■ ACTION ITEM ■
Set down the whole listing below exactly, without pictures.

■ RECORDED INFORMATION ■
= Beginning of Section =

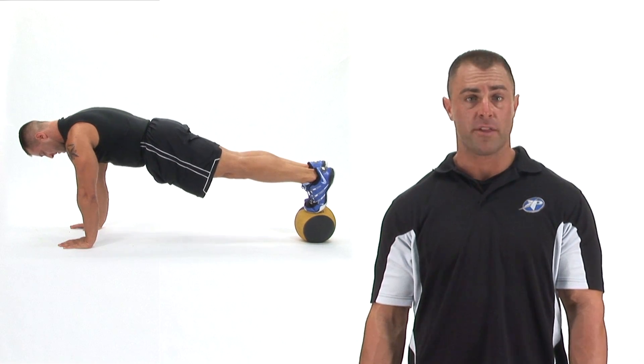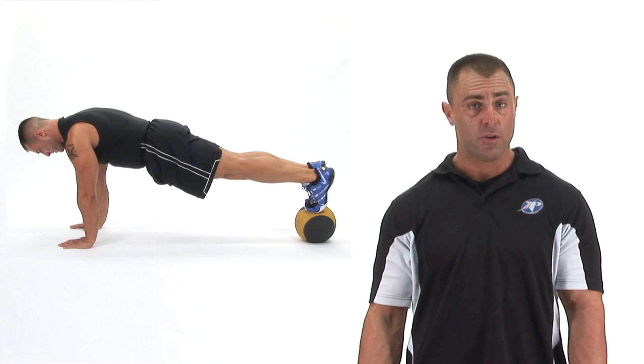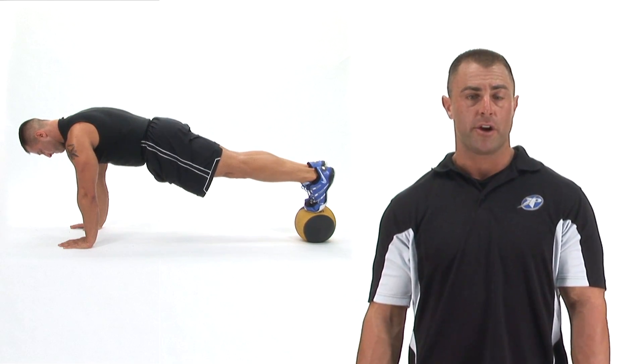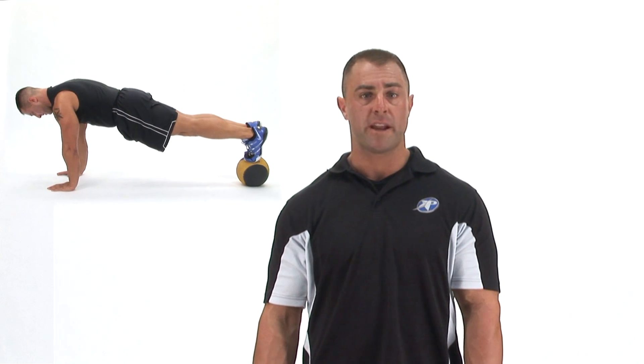Once your feet are nice and secure on the medicine ball, you're going to start in a push-up position and slowly bring your knees off the ground. Your goal is to keep a nice straight spine and make sure you drop your hips down so they don't get too high. This exercise should be performed for 30 seconds for 3 sets.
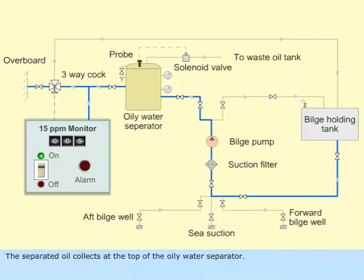The separated oil collects at the top of the oily water separator. A probe senses the increase in oil and opens a solenoid valve. The separated oil then flows to the waste oil tank.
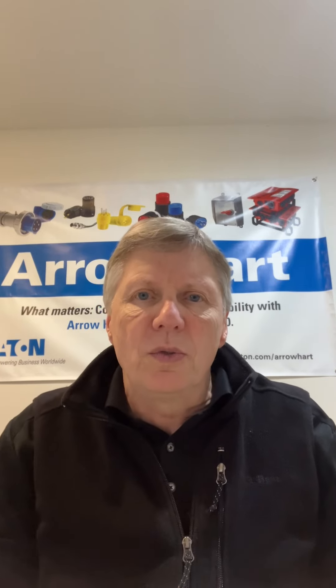Hi, my name is Dave Schick and I'm with Eaton Wire Devices. I'm the End User Specialist here in the Northeast. We're here today to talk about our brand new redesigned in-use covers.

= End of Section =

■ ANSWER BOX ■
Once your feet are nice and secure on the medicine ball, you're going to start in a push-up position and slowly bring your knees off the ground. Your goal is to keep a nice straight spine and make sure you drop your hips down so they don't get too high. This exercise should be performed for 30 seconds for 3 sets.
The separated oil collects at the top of the oily water separator. A probe senses the increase in oil and opens a solenoid valve. The separated oil then flows to the waste oil tank.
Hi, my name is Dave Schick and I'm with Eaton Wire Devices. I'm the End User Specialist here in the Northeast. We're here today to talk about our brand new redesigned in-use covers.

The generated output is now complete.